[Short text fragments from websites]
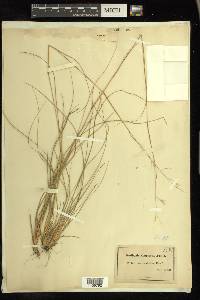 Danthonia compressa image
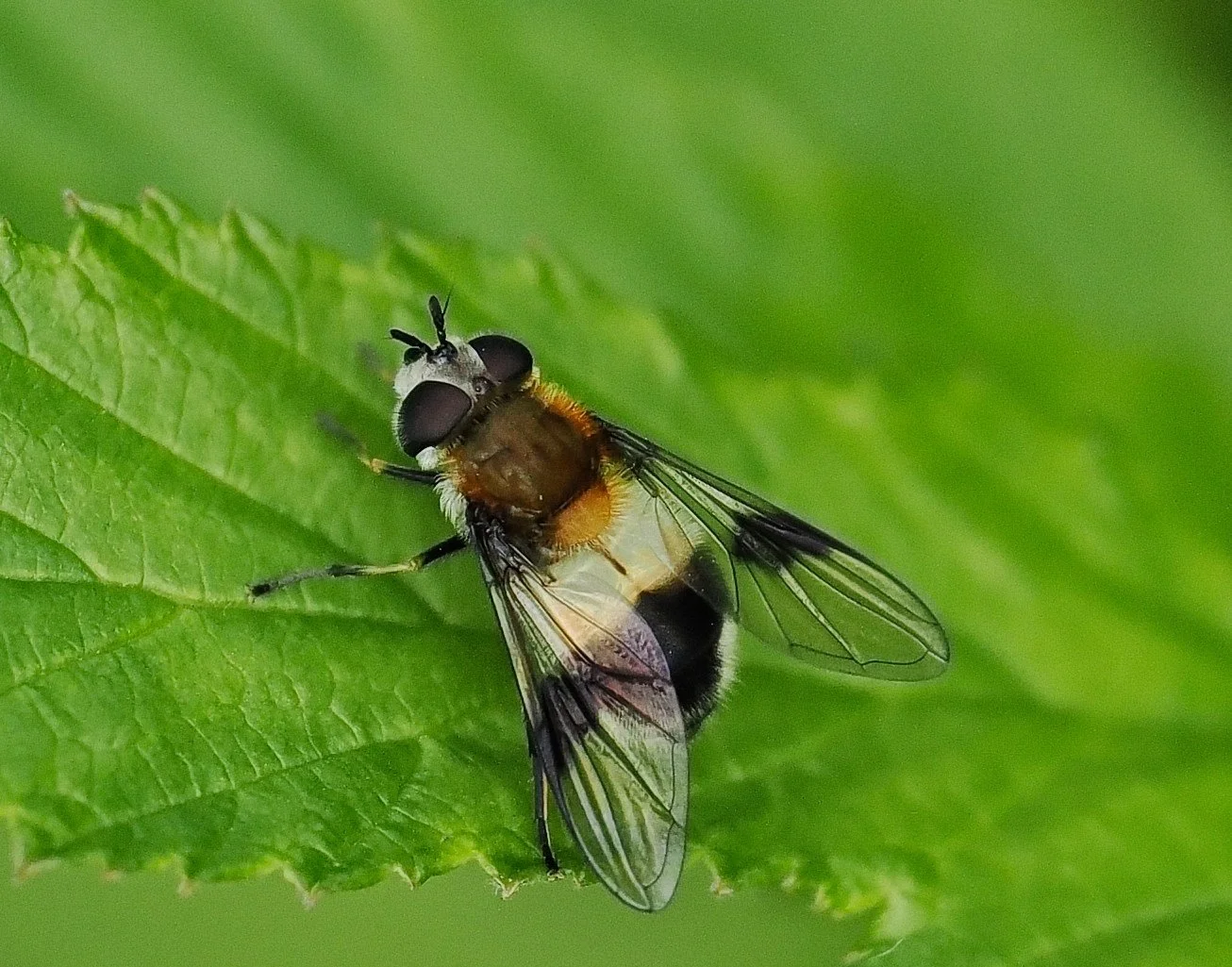 blomsterflue (Syrphidae) 
En flue som etterligner humler eller bier.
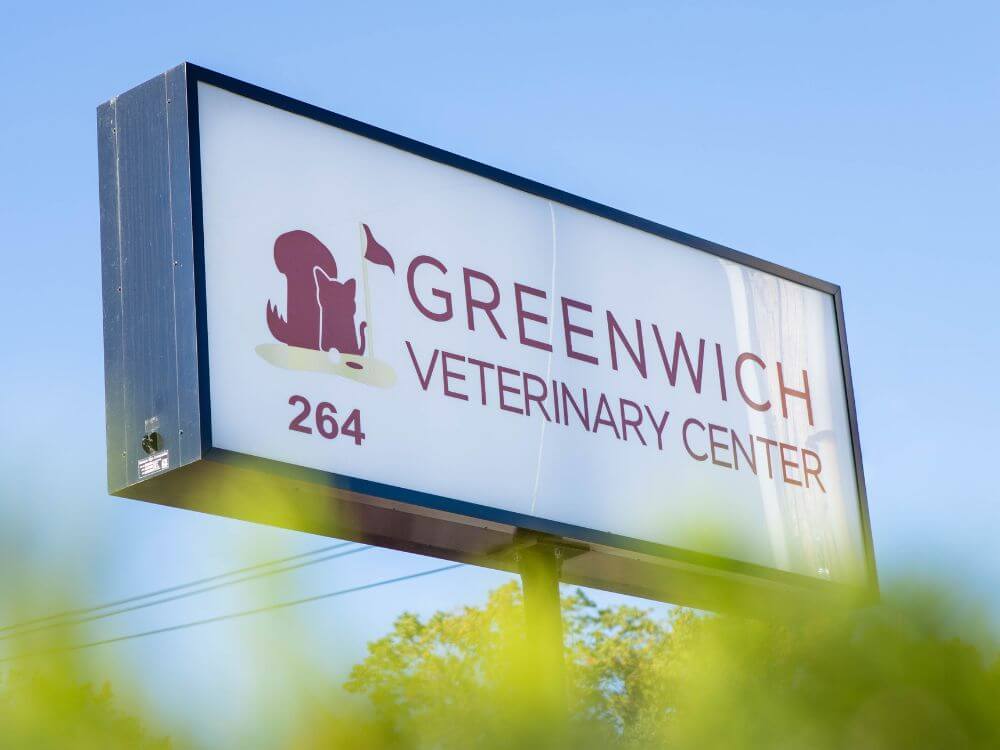 greenwich veterinary center signage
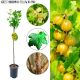 Agrest NA PNIU Hinnonmaki Yellow żółte owoce 80-120 cm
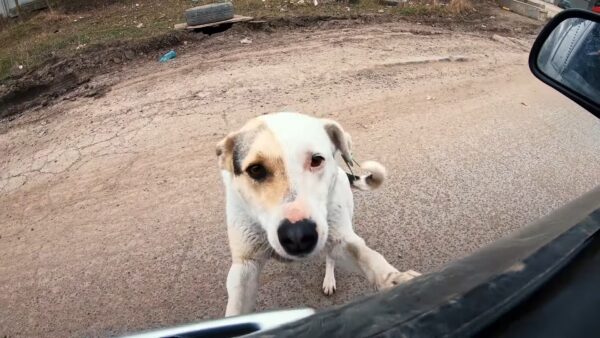 Desperate Dog Stops Traffic, Begging for a Lifeline-1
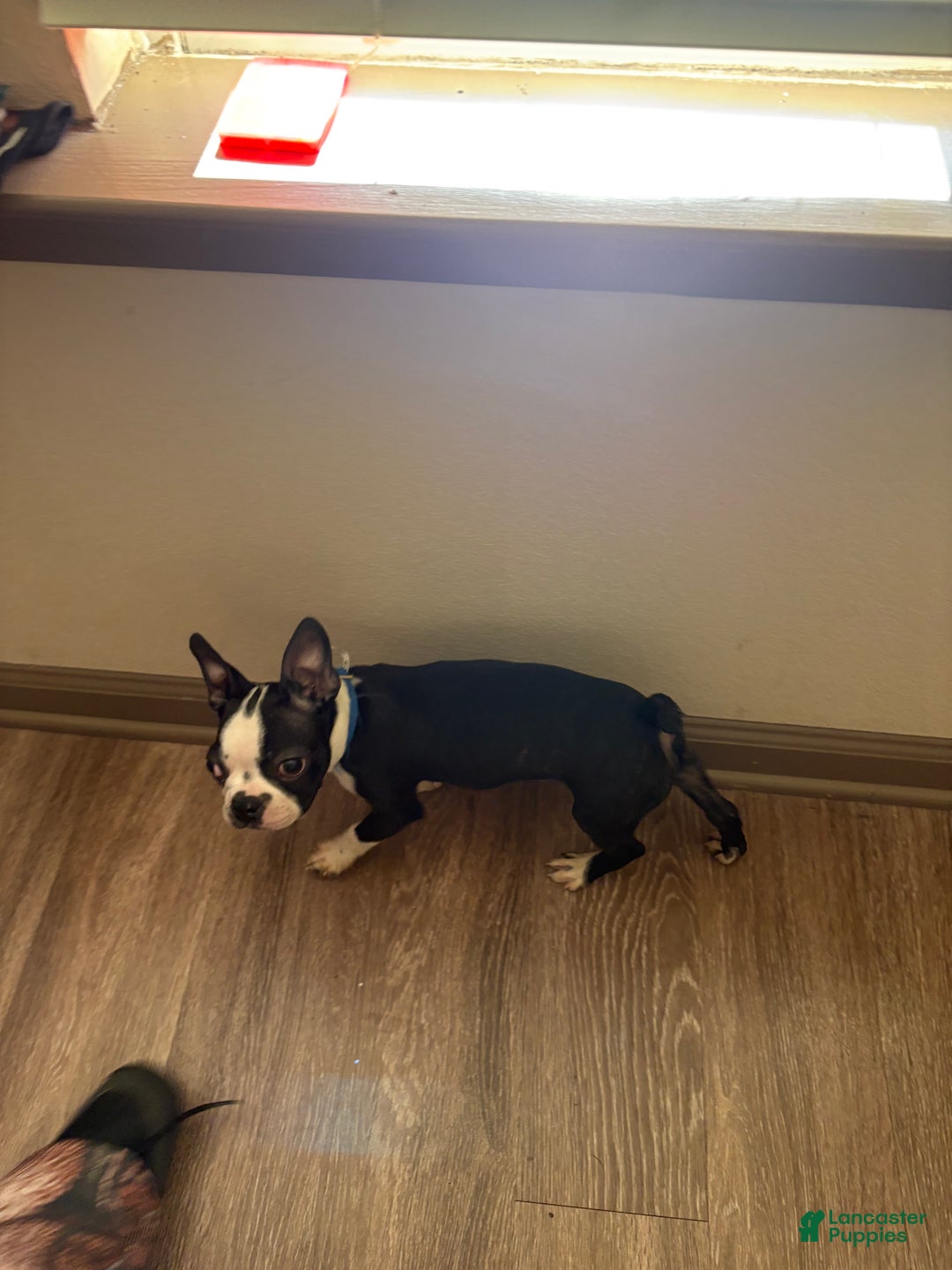 Boston Terrier dogs for sale: Boston Terrier Puppy 1 - Ad 1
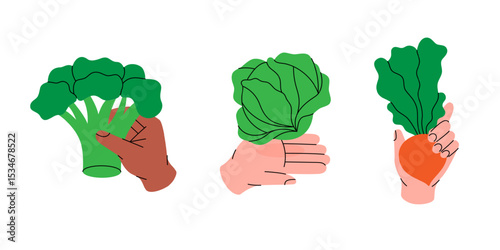 Set of cartoon hands holding fresh vegetables. Broccoli, lettuce and beetroot. Healthy eating. Organic farm vegetables. Vector illustration.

REQUIREMENT: Pictures are to be left out when the lines from the one containing "Agrest NA PNIU" through the end of the records above are repeated exactly; no other line is wanted.

SOLUTION TO THE EXERCISE:
 Agrest NA PNIU Hinnonmaki Yellow żółte owoce 80-120 cm
 Desperate Dog Stops Traffic, Begging for a Lifeline-1
 Boston Terrier dogs for sale: Boston Terrier Puppy 1 - Ad 1
 Set of cartoon hands holding fresh vegetables. Broccoli, lettuce and beetroot. Healthy eating. Organic farm vegetables. Vector illustration.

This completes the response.